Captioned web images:
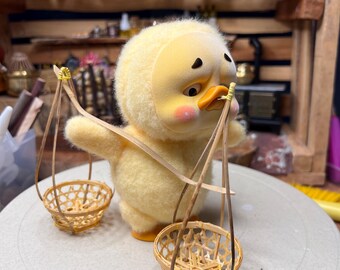 ミニチュア竹かご（持ち運び用ポール付き）、ヴィンテージアジアン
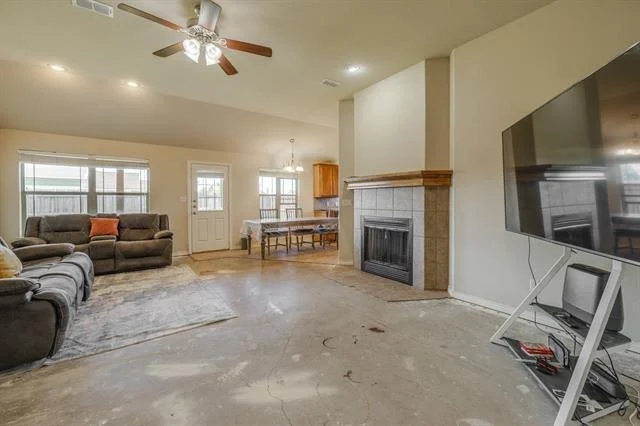 Photo of 101 Sugarberry Avenue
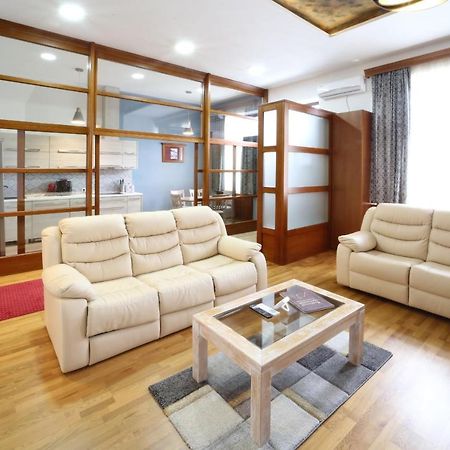Virag Apartman Luxury Odorheiu Secuiesc Zewnętrze zdjęcie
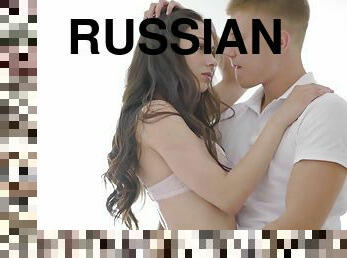 Cute Russian girlfriend Arwen Gold wants to try anal fucking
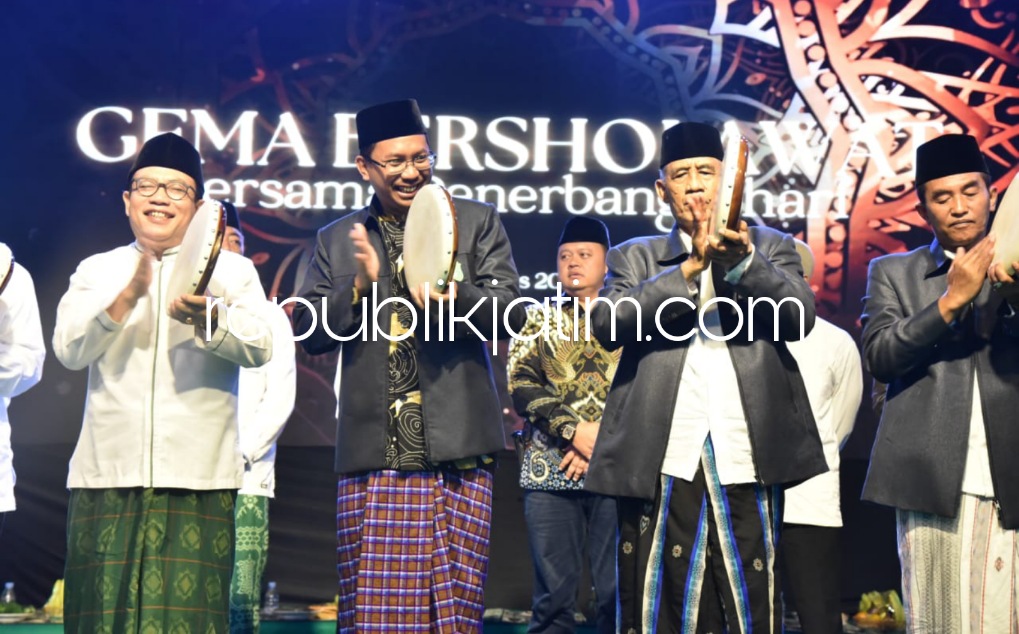 ISHARI - Bupati Sidoarjo Ahmad Muhdlor Ali menghadiri acara Gema Bershalawat bersama lima ribuan penerbang Ikatan Seni Hadrah Indonesia (Ishari) yang memadati lapangan parkir Timur GOR Sidoarjo, Sabtu (13/08/2022) malam.
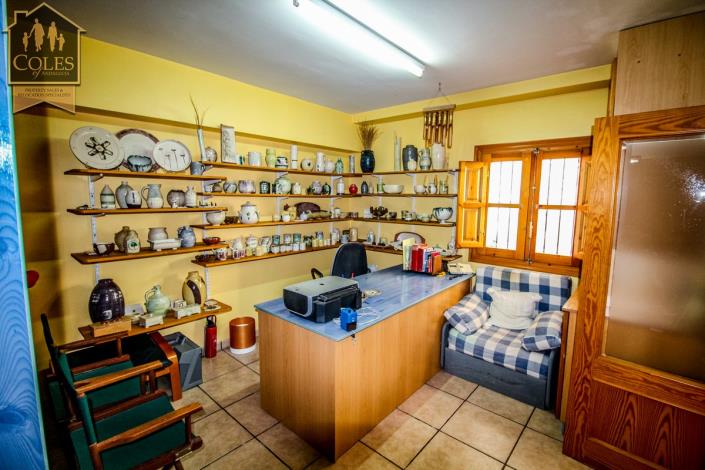 Image No.12-3 Bed Apartment for sale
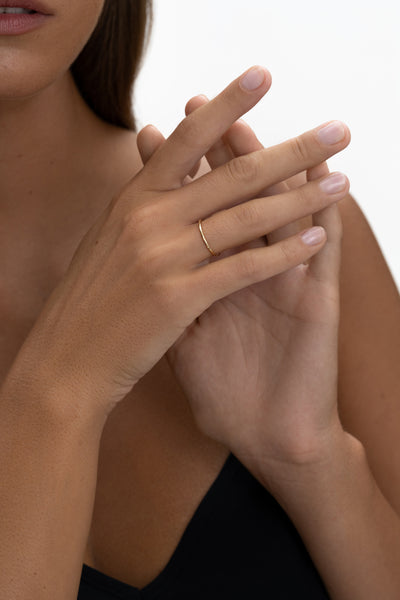 GOLD HAMMERED RING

Exercise prompt: Once the pictures are removed, reproduce the remaining entries above exactly.

Task solution:
 ミニチュア竹かご（持ち運び用ポール付き）、ヴィンテージアジアン
 Photo of 101 Sugarberry Avenue
Virag Apartman Luxury Odorheiu Secuiesc Zewnętrze zdjęcie
 Cute Russian girlfriend Arwen Gold wants to try anal fucking
 ISHARI - Bupati Sidoarjo Ahmad Muhdlor Ali menghadiri acara Gema Bershalawat bersama lima ribuan penerbang Ikatan Seni Hadrah Indonesia (Ishari) yang memadati lapangan parkir Timur GOR Sidoarjo, Sabtu (13/08/2022) malam.
 Image No.12-3 Bed Apartment for sale
 GOLD HAMMERED RING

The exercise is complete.